Many things — some wonderful and positive, others definitely the opposite — happened to me directly as a result of the publication of this piece and much of that detail, plus the context for the article, can be found in my memoir The Heart-Shaped Bullet (originally published by Picador in 1999, still available as an e-book on Amazon).
I have, unsurprisingly, also re-read the piece before posting it here… so, what do I think of it now?
Well, after 37 years of writing words-for-money my first impression was that it remains the most consistently excellent writing I’ve ever had published. And I’m fine with that because (modesty be damned!) I think it’s as near-perfect as anything written by me could ever be; I still wouldn’t change a word.
I am now also struck by the poignant tension between my desire to fulfil my professional brief — it was, after all, originally commissioned as a travel piece about a ‘romantic’ break in a fancy little hotel in Bruges — while at the same time speaking my heartbroken truth. Something about that juxtaposition between the details — the meals (I was made restaurant critic of the Observer shortly afterwards), the hotel’s interiors, the history of Bruges — and my attempt to navigate total emotional devastation are (still, to me, even as a kind of out-of-body experience) very touching.
If I have a major weakness (as writer, I mean — I have many other major weaknesses!), it’s an occasional tendency to over-write. However, there is an elegant sparseness and simple rhythm to the sentences here which allows the pain at the heart of the piece all the space it needs to breathe its way onto the page.
Obviously, I’m still ‘close’ to this piece — even after 25 years — however, there is now also sufficient distance to see it for what it is, and to own that, and to be proud of it. And, indeed, also grateful for the fact that out of the extraordinary personal pain that followed its publication, I had the opportunity to carve for myself a fantastic career. And while that career is broadly finished now, I remain very happy to have been a journalist—plus, I also had a lot of fun.

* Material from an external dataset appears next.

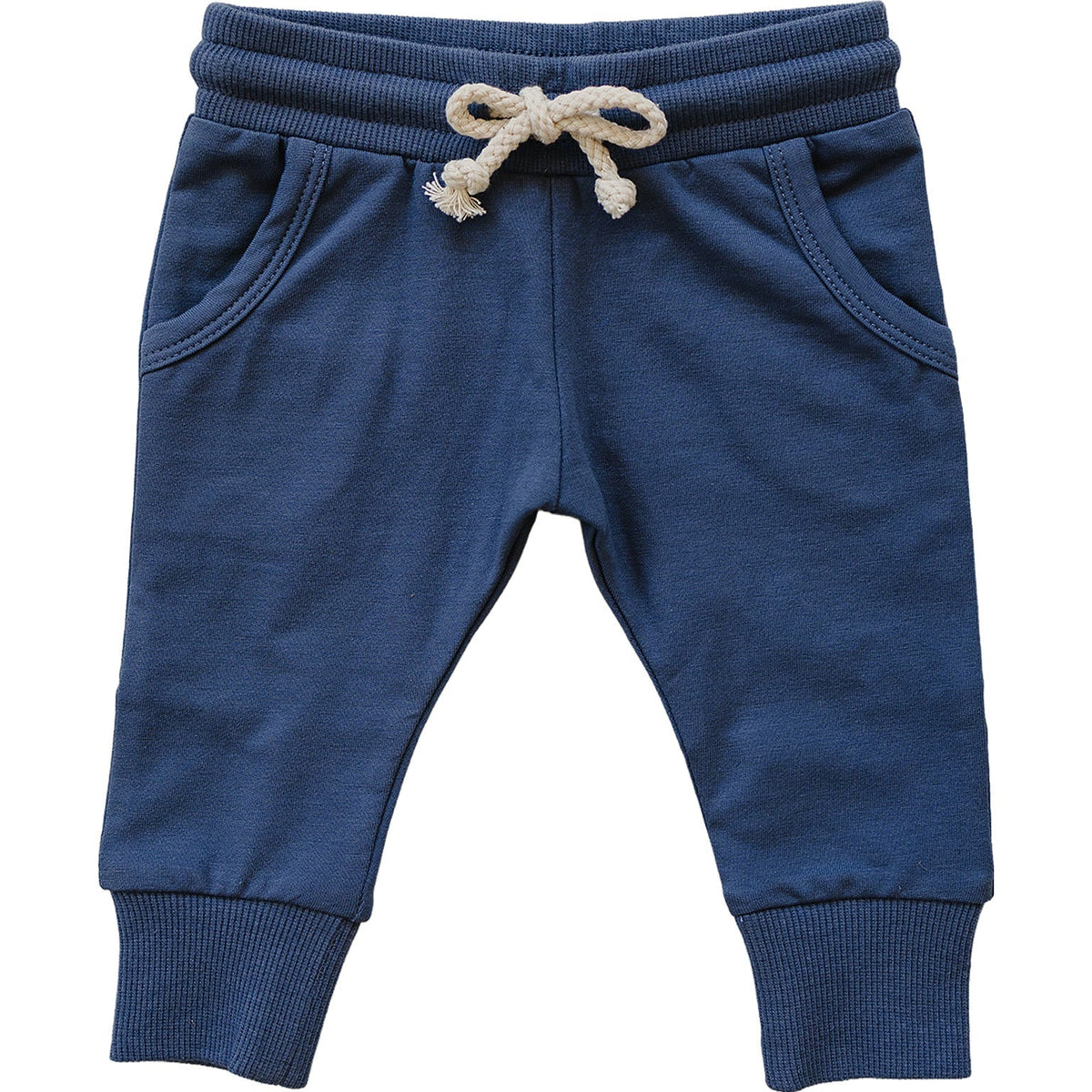 Blue Pocket Joggers - White, Pocket, Fashion, Baby & Toddler Clothing, Denim | Everetts Place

As for the piece itself ... well, it was published all over the world, lampooned and satirised, won prizes, sparked features and columns elsewhere in the press — even in my own paper — and was added to exam syllabuses. It also prompted many sacks of actual mail to my Observer desk and I was privileged to read people’s private responses to it alongside their own stories of loss, heartbreak and recovery; that I still have friendships with some of those correspondents is wonderful. Ultimately, the piece lived its own ‘best life’, out in the world, far beyond me.

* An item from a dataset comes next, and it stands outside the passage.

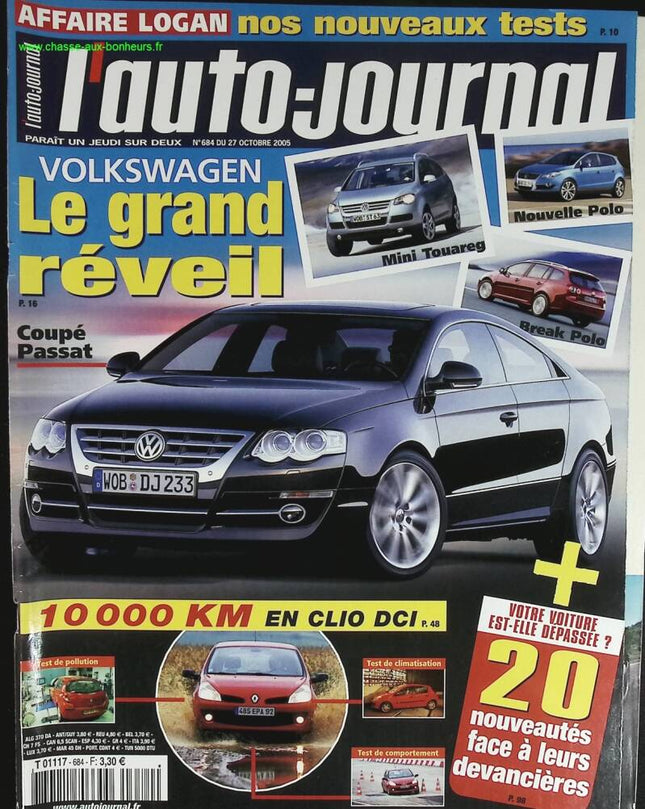 Volkswagen the great awakening - L'auto journal - n° 684 - 2005 - magazine review - car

It seems only fair to add that writing it was a monumental struggle, that I wept as I wrote and re-wrote the damn thing for days on end — but in fact it was technically the ‘easiest’ 2,000 words I’ve ever composed. Indeed, it was a bit like being possessed: I sat at my computer and out it all flowed like ‘automatic writing’ in one sitting, from start to finish. Other than a few semi-colons and some spell-checks (plus a delicate touch by the subs) what you see here is exactly what I wrote over a couple of weekend hours in my flat in Maida Vale, in late January 1997. I came up with the headline, too — referencing Elizabeth Smart’s 1945 novel about a passionate affair, ‘By Grand Central Station I Sat Down and Wept’.

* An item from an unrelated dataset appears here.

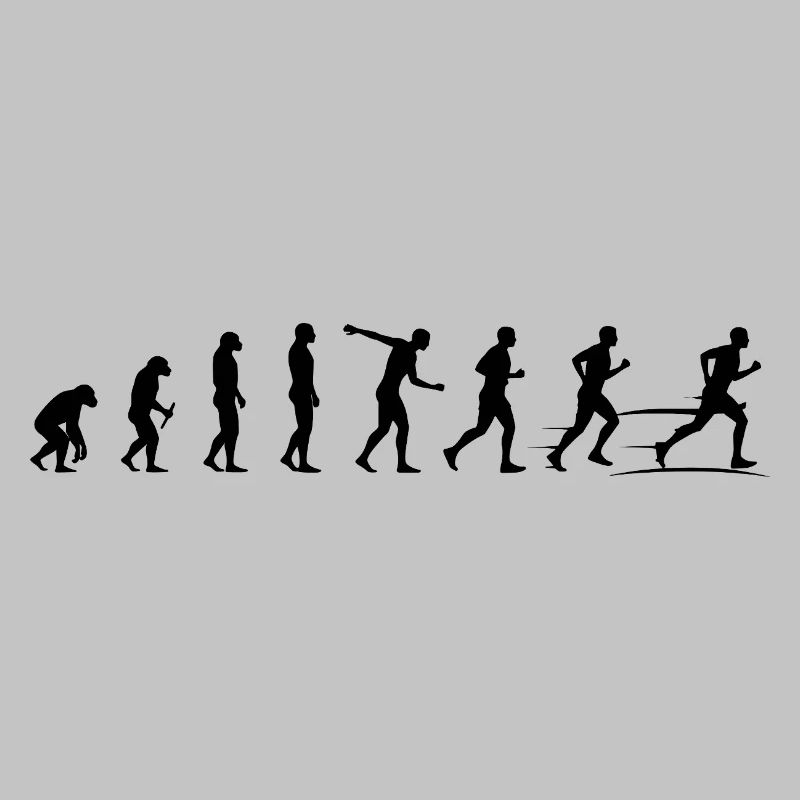 Oreiller autocollant T-shirt Marathon Runner Evolution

However, because I was at the time in a strange masochistic limbo in relation to my soon-to-be-ex-husband, still seeking his approval and trying to win him back (and because he was still under our marital roof, though as it turned out only for a few more days), I handed the article to him as soon as I’d printed it. He took it away to read in another room and, when he returned, handed it back to me saying only: ‘this will make you famous, Kate.’
And of course that was the moment when I allowed myself to cry. I didn’t want to be ‘famous’, I wanted to be married.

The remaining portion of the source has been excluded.